Architecte, designer, le Milanais Ettore Sottsass renverse la table et la décoration bourgeoise avec Memphis, le mouvement qu’il crée en 1981 et que rejoignent de jeunes créateurs de toutes nationalités déterminés, comme lui, à faire voler en éclats les codes de la décoration et le bon goût.
Couleurs, formes, matières, rien n’échappe à leur vision radicale. Une bombe qui éclate au Salon du Meuble de Milan le 18 septembre 1981.
Fils d’architecte, Sottsass disparu à 90 ans à Milan en 2017. Il a travaillé quelques mois avec le designer américain Georges Nelson à New York. C'est là qu’il découvre la pop culture et la Beat génération.
Mais c’est sa collaboration avec la marque italienne emblématique Poltronova qui lance son style, ludique et coloré. Cette collaboration durera 10 ans et lui permettra de se rapprocher grâce à son langage graphique, carrés, lignes et cercles, des "grandes révolutions cosmiques dont la vie humaine est un fragment" comme il se plaisait à le dire.
Suivront 24 ans de collaboration avec Olivetti. L’entreprise de bureautique s’est toujours entourée de designers et sa machine à écrire Valentine, dessinée par Sottsass, équipera les bureaux du monde entier.
Dans les années 60, Sottsass devient l’un des membres clés de l’Anti-design, mouvement battant en brèche le fonctionnalisme inspiré du mot de l’architecte américain Louis Sullivan, « La forme suit la fonction ». L’esprit pop d’impermanence bouscule la durabilité des décennies passées.

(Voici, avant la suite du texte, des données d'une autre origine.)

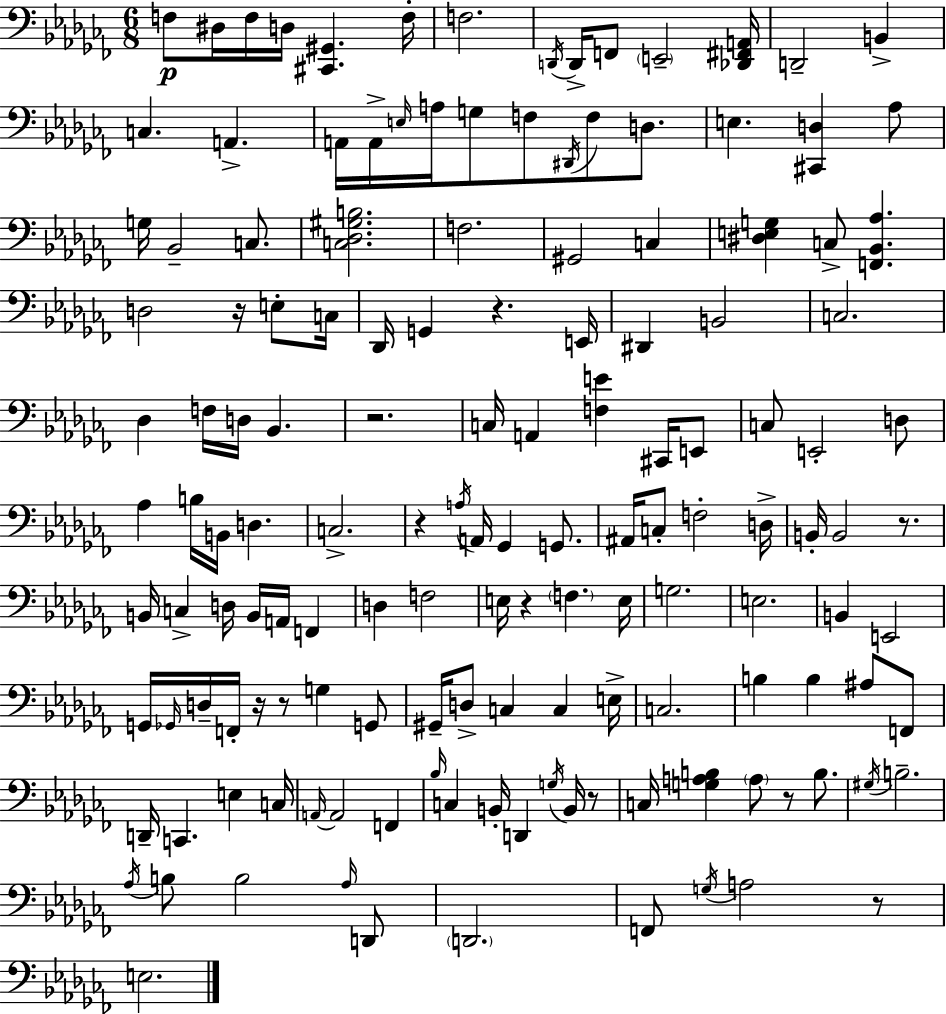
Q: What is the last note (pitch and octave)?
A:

La palette neutre est atomisée par la couleur et la production de masse par la préférence aux pièces uniques, aux prototypes. En 1985, Sottsass quitte le Groupe Memphis pour se consacrer à son agence et réaliser des maisons privées et son seul grand œuvre public, l’aéroport milanais Malpensa.
Quelques 40 ans après sa fondation, Memphis est de retour. Le style scandinave et ses teintes douces vus ad nauseam ennuient tout comme le fonctionnalisme avait ennuyé dans les années 60. L’exposition bordelaise tombe à point nommé pour rafraîchir le regard et retrouver l’énergie pop des années 80.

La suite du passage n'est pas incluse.